## ASSIGNMENT
Could you write out the listing below exactly as it stands, leaving out the pictures?

## SUPPLIED MATERIAL
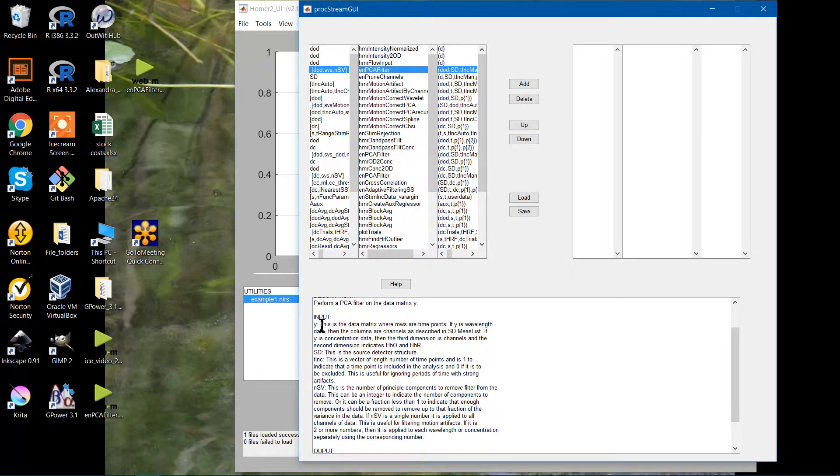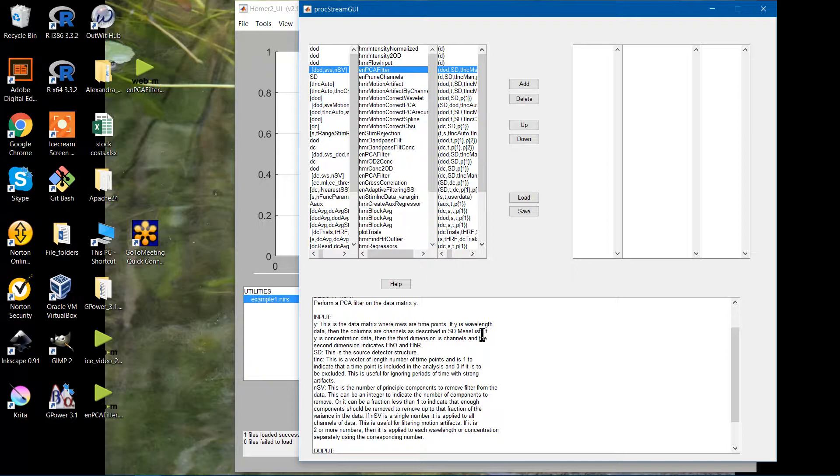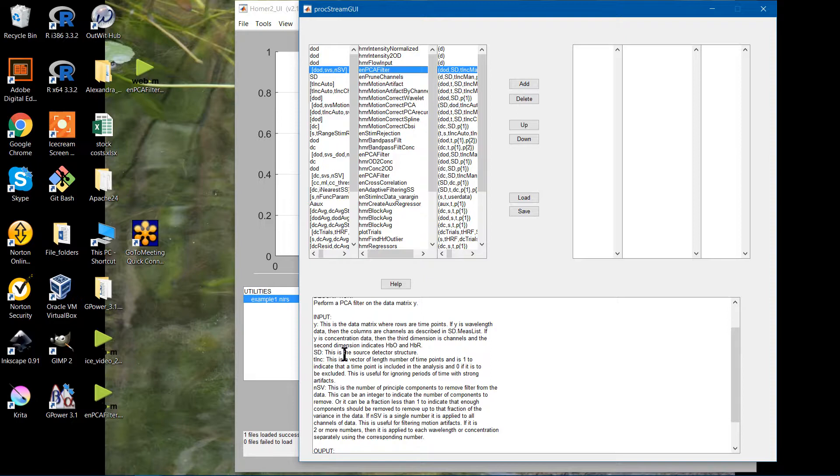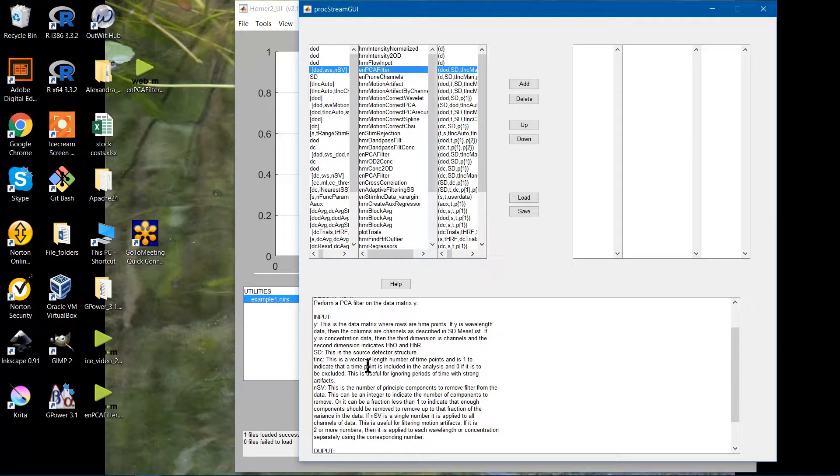So the Y is actually just your data. The rows are going to be the time points, and the columns will be your channels. It's indicated here as described in the SD.MeshList. It's taken in the SD here. The SD is actually the struct in MATLAB. You have anything from the MeshList, the manual pruning stuff in there. There's a lot of other options all within that SD.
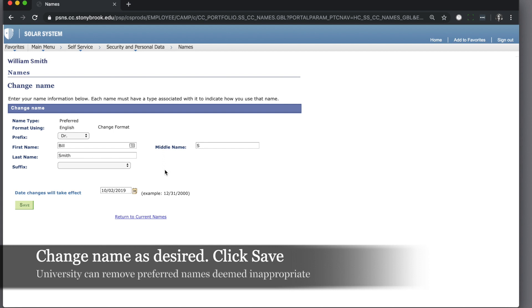You may set your preferred name to whatever you'd like. However, the university reserves the right to remove a preferred name if deemed inappropriate.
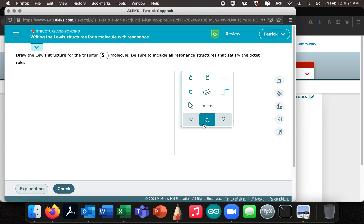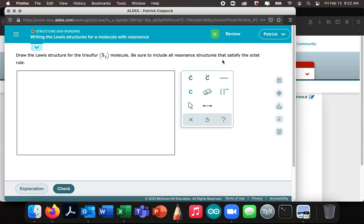I've got a question from a student asking for help with writing the Lewis structures for a molecule with resonance. I'm going to read the question and flip back and forth between my whiteboard. Draw the Lewis structure for the trisulfur S3 molecule. Be sure to include all resonance structures that satisfy the octet rule. So we're told they have to satisfy the octet rule.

## TASK RESPONSE
So the Y is actually just your data. The rows are going to be the time points, and the columns will be your channels. It's indicated here as described in the SD.MeshList. It's taken in the SD here. The SD is actually the struct in MATLAB. You have anything from the MeshList, the manual pruning stuff in there. There's a lot of other options all within that SD.
You may set your preferred name to whatever you'd like. However, the university reserves the right to remove a preferred name if deemed inappropriate.
I've got a question from a student asking for help with writing the Lewis structures for a molecule with resonance. I'm going to read the question and flip back and forth between my whiteboard. Draw the Lewis structure for the trisulfur S3 molecule. Be sure to include all resonance structures that satisfy the octet rule. So we're told they have to satisfy the octet rule.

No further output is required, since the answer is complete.